Service Businesses Law and Legal Definition
INDUSTRIAL CLASSIFICATION
Industries are broadly classified as goods-producing and services-producing, but in the gradual evolution of industrial classification, ever new definitions of the services-producing sectors have emerged, indeed continue to emerge. Thus, for example, until 1997 U.S. industry was classified using the Standard Industrial Classification (SIC) system. It broke down industrial activity into nine major divisions: Agriculture, Mining, Construction, Manufacturing, Transportation and Utilities, Wholesale Trade, Retail Trade; Finance, Insurance, and Real Estate (FIRE); and, finally, Services. At that point the "services" component at least had a division of its own—although, in common parlance, people tended to include the Retail and the FIRE categories as part of the services sector.
Then came the North American Industrial Classification System (NAICS). It greatly expanded the divisional breakdown of industry, creating some 19 sectors. For example, Utilities were separated from Transportation; an Information sector was cut out of Manufacturing. FIRE lost Real Estate, which came to stand alone. And Retail lost Food Services. Most importantly, the Services Sector, which had become very important over the decades, was split apart into eight separate categories: Professional and Technical Services (which include law and engineering, for instance), Management Services (including holding companies), Administrative Support and Waste and Remediation Services, Educational Services, Health Services, Arts and Entertainment, Accommodations and Food Services, and Other Services (including household services, for instance).
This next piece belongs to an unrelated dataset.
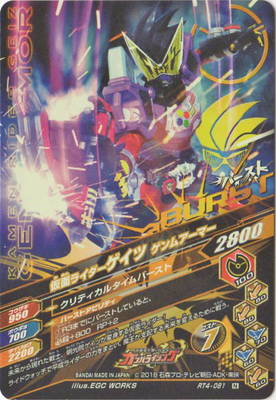 RT4-081 ̥饤 ɥޡ N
The transition from SIC to NAICS, which had been a difficult path for industrial analysts in any case, was still not entirely traveled in the mid-2000s. During this period, the Census Bureau, working with Canada and Mexico (co-authors of NAICS), are working on NAPCS (for North American Product Classification System). NAPCS is causing the Census Bureau to revisit the services classifications. As a consequence of this new initiative, certain elements of other industries are now coming to be classified as "services," as indicated by the Census Bureau's Services Annual Survey: 2004, issued in April 2006. Important additions to the list include Truck Transportation, Couriers and Messengers, Warehousing and Storage, all of Information (which includes communications and publishing among others), Securities Brokerage (taken from Finance and Insurance), and Rental and Leasing (taken from Real Estate).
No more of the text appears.